Michigan Gov. Rick Snyder has apologized repeatedly for the state's role in the crisis. Snyder and state legislators have enacted $37 million in emergency Flint funding for the current fiscal year. Snyder is expected to propose an additional $30 million in state funding to help Flint residents pay their water bills, CBS affiliate WWJ reported.
The crisis has taken on partisan overtones, as Democrats blame the Republican governor and some Republicans target the EPA for failing to intervene sooner.
Rep. Jason Chaffetz, the Republican chairman of the oversight panel, said EPA should have acted on its own to warn the public about water problems in Flint.
"Why didn't EPA tell the public they're poisoning their kids if they drink the water?" he asked Beauvais, adding that EPA knew about potential health risks for nearly a year before making the results public.
"What good are EPA if they don't tell kids" about lead in the water, Chaffetz shouted.
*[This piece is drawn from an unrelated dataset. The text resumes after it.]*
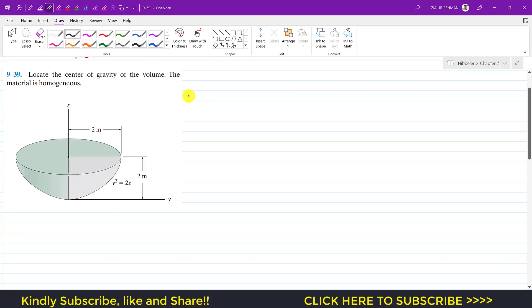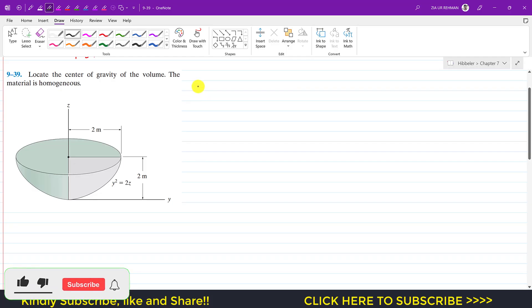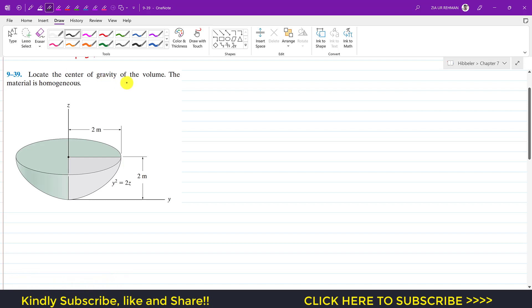Welcome back to Engineers Academy. Let's continue with chapter 9 from Hibbeler Statics. The problem says to locate the center of gravity of the volume, and the material is homogeneous.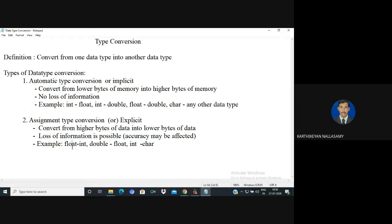That is called assignment type conversion. For example: float to int, double to float, int to char — in these cases you are converting from a larger type to a smaller one. These are examples of assignment type conversion.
Democrats were equally adamant that the state was to blame.
"Can anybody tell me why Gov. Snyder is not here today?" asked Rep. Matt Cartwright, a Democrat, "Because he's hiding, that's why," Cartwight added, answering his own question.
Chaffetz did not call Snyder to testify.
WWJ reported Chaffetz subpoenaed Darnell Earley, who was state-appointed emergency manager for Flint when its water source was switched, but he has refused to testify.
"On Tuesday, I issued a subpoena," he said. "Normally these are done electronically with a council of record. His attorney refused service."
Chaffetz is now asking a higher power to step in and force Earley to give a deposition, testimony under oath, sometime before the end of the month.
"We're calling on the U.S. Marshals to hunt him down and give him that subpoena," said Chaffetz.
If Earley refuses to testify, he could face up to a year in federal prison, according to WWJ legal analyst Charlie Langton.
"It is unusual because most of the time you just take a subpoena, you know you have to testify and you just go and testify. But for whatever reason, Earley's not cooperating," said Langton. "I can't imagine why he wouldn't do this. If I was representing him, I would say 'Mr. Earley, you get your you know what down to that congressional testimony and say what you know.'"
Earley is currently the Detroit schools emergency manager, and has come under fire from local teachers over poor school conditions.
The oversight hearing comes as the FBI said it is working with a multi-agency team investigating the lead contamination in Flint.
FBI spokeswoman Jill Washburn told WWJ the agency is "investigating the matter to determine if there have been any federal violations." Officials haven't said whether criminal or civil charges might follow the investigation.
Several local, state and federal officials have resigned since doctors revealed last year that using the Flint River for the city's drinking water supply caused elevated levels of lead in some children's blood. Lead contamination has been linked to learning disabilities and other problems. Michigan's governor has apologized repeatedly for the state's role.
In addition to the FBI and the EPA, the federal team includes the U.S. Postal Inspection Service, Gina Balaya, a U.S. attorney's spokeswoman in Detroit, told WWJ.
In November, the EPA announced it was auditing how Michigan enforces drinking water rules and said it would identify how to strengthen state oversight. The U.S. attorney's office in Detroit said in January that it was investigating the water crisis with the EPA.
An independent panel appointed by Michigan Gov. Rick Snyder has determined that the state Department of Environmental Quality was primarily responsible for the water contamination. The Michigan Civil Rights Commission also plans to hold hearings to explore whether the civil rights of Flint residents were violated.
On Tuesday, Flint Mayor Karen Weaver told reporters she wants lead pipes removed from the city's water distribution system as soon as possible. Weaver proposed starting the pipe-removal process at the "highest-risk homes of kids under 6 and pregnant women."